You may already be familiar with the fact that you can compile documents using plaintext files instead of using a WYSIWYG - What You See Is What You Get editor such as Microsoft Word. Now, there are a multitude of very good reasons why document editors such as Microsoft Word are holding you back.
You can argue that pretty much any text editor can give you more fine grained editorial capability. Or you could assert that the outcome tends to be better and more beautiful - which it unarguably is in the case of LaTeX. And you could boast about the ease with which a myriad of complex and helpful packages can be easily installed via CTAN so as to get your desired outcome.
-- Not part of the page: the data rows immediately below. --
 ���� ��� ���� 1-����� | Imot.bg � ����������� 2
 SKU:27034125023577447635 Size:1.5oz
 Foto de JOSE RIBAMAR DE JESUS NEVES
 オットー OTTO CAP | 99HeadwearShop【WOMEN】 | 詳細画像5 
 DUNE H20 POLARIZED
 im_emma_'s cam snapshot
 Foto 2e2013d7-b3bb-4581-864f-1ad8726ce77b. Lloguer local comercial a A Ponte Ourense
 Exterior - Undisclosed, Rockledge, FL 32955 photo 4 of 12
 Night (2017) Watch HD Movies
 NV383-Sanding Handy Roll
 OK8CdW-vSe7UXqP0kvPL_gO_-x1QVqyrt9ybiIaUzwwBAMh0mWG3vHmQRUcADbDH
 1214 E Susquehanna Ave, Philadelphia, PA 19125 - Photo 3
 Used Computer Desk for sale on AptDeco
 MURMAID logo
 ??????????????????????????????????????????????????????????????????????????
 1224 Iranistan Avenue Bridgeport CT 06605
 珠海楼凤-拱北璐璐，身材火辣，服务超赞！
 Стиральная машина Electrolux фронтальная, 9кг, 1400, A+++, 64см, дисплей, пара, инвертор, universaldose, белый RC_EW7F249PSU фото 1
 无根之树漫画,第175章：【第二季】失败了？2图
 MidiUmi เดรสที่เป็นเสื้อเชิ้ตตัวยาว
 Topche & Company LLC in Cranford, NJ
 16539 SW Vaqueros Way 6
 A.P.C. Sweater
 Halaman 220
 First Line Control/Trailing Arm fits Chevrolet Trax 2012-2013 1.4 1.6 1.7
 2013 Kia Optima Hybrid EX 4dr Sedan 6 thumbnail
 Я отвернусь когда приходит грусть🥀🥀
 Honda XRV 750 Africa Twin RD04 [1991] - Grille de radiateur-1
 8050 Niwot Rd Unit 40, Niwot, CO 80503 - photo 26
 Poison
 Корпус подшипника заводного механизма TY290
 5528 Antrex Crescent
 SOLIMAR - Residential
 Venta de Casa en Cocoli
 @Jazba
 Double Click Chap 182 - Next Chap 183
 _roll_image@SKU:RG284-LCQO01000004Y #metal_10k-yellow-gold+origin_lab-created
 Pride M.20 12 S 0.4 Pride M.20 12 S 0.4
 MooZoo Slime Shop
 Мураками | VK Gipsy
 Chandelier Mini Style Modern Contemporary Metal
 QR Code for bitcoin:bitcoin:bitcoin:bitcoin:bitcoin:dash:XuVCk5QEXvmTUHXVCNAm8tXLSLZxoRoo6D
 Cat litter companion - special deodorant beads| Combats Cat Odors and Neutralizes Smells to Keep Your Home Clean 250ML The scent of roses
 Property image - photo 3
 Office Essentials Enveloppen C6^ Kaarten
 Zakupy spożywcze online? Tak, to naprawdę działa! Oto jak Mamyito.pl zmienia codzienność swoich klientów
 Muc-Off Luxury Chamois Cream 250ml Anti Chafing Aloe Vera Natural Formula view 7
These are all very important reasons in my eyes. But, they do not address one of the largest reasons why any plaintext based document compilation tool is vastly superior to Microsoft Word. And the reason is extensibility.
Unix treats everything as a file, and it has a well stocked toolbox for dealing with plaintext files. These tools simply extend the variety of things you can achieve with plaintext.
If you have a list of files and you need to perform a find and
replace on a bunch of words in each document, simply run
sed in a for loop. You could use
awk to do all
sorts of text manipulation.
These would take much longer in a tool such as Microsoft Word which should be called Microsoft Work by the amount of physical labour it requires.
On the other hand, plaintext documents could simply use
git as a version control system. Yes, I understand the
knowledge required is more, but not only is the knowledge important, it
can be used in a variety of computer based implementations.
Plaintext lends itself to automation based implementations of projects, which also make work far easier. My whole note taking system is managed by a bunch of scripts that would automate hours of work.